The Australian sharemarket is set to open lower this morning after a similarly tentative day on the US markets. Early this morning ASX futures were down -0.3% to 7,190 points.
Things were slow on Wall Street as tech stocks slumped on the back of price-pressure nerves – the August CPI data is due to drop in the US later tonight. High oil prices fuelled (pun intended) those fears.
The Dow Jones Index ended the day down 18 points or -0.1%, while the S&P and the Nasdaq dropped -0.6% and -1% respectively.
Tech down, oil up
Apple (NASDAQ:AAPL) was in the news following the release of its much-anticipated iPhone 15 but its shares were down 1.7%.
The tech giant has been compelled to retire its lightning charger – which has had an 11-year run – and conform to European standards requiring all phones to use a USB-C charging cable.
The company was also wounded by news that China's Huawei Technologies had raised the second-half shipment target for its Mate 60 series smartphone by 20%.
Shares of Chevron (NYSE:CVX) and Exxon Mobil (NYSE:XOM) rose by up to 2.9% as fossil fuels traded briskly.
European shares fell yesterday with German software maker SAP slumping 1.8% after a weak forecast from US technology firm Oracle (NYSE:ORCL), which itself dropped 13.5% in US trade.
Annual Spanish consumer prices rose 2.6% in August, up from 2.3% in July.
The continent-wide FTSEurofirst 300 Index fell by 0.2% while in London things were brighter for the FTSE 100 index, which rose by 0.4% on a softer British pound after data showed the labour market had weakened against strong wage growth in July.
Currencies, commodities and crude
Currencies were mixed against the greenback overnight in Europe and the US. The Euro rose from US$1.0704 to hover near US$1.0750 at the US close, but the Aussie dollar fell from 64.38 US cents to 64.08 US cents and was near 64.25 US cents at the US close. The Yen eased, closing the day at JPY147.05.
As flagged earlier, global oil prices were riding up 2% to a near 10-month high on Tuesday on a tighter supply outlook and OPEC optimism over the resilience of energy demand in major economies. The organisation’s monthly report predicts world oil demand will climb by 2.25 million barrels per day next year.
Brent crude rose by US$1.42 or 1.6% to US$92.06 a barrel, while US Nymex crude gained US$1.55 or 1.8% to US$88.84 a barrel.
Base metal prices were mixed. Copper futures fell by 0.5% as inventories rose – 135,650 tonnes of copper stocks are sitting in London Metal Exchange (LME) registered warehouses – the highest since last October.
Aluminium futures were up 0.6%, while gold futures fell by US$12.10 or 0.6% to US$1,935.10 an ounce. Spot gold was trading near US$1,913 an ounce at the US close.

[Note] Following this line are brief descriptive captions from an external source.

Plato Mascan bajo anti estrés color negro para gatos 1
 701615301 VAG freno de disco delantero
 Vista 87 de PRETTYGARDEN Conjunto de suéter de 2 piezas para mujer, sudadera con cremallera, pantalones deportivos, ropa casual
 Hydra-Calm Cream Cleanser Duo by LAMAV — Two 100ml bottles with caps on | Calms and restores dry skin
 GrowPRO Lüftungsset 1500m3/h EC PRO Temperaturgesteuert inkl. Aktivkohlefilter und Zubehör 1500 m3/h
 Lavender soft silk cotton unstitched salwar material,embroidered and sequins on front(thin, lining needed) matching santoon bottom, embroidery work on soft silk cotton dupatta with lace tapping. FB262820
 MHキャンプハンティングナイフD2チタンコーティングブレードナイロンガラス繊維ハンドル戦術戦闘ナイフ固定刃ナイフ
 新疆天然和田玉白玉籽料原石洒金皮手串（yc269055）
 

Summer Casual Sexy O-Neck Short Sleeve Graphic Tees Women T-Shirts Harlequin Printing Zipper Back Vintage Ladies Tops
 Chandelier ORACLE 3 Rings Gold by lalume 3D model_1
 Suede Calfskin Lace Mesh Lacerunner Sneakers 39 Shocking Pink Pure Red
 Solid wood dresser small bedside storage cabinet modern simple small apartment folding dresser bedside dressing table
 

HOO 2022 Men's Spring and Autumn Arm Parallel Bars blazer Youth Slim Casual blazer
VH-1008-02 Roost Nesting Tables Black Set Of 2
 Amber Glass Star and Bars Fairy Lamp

Iron ore futures rose by US$2.10 or 1.8% to US$120.33 a tonne on the back of stronger prospects from the world’s hungriest iron ore consumer, China.
What’s happening on the small caps front?
The S&P/ASX Small Ordinaries (XSO) finished even, at 2,775.0, yesterday.
Cooper Metals Ltd (ASX:CPM) has wrapped up a diamond drilling campaign at the King Solomon 1 copper-gold prospect, with some promising visual results.
Elixir Energy Ltd (ASX:EXR) is going to collaborate on data sharing with a Santos group company on its 100%-owned Grandis Gas Project in the Bowen Basin, Queensland.
Novo Resources Corp (TSX:NVO, OTCQX:NSRPF, ASX:NVO) has kicked off a maiden drill campaign at Nunyerry North, pursuing gold at the exploration target in the southern Egina Gold Camp in WA’s Pilbara.
Anson Resources Ltd (ASX:ASN) has completed the acquisition of a strategic land package of privately owned, industrial-use land at the Green River Lithium Project in Utah, USA.
Helix Resources Ltd (ASX:HLX) has decided to implement a transition plan to bolster the company’s ability to target new copper discoveries in the Cobar-Nyngan area of central NSW.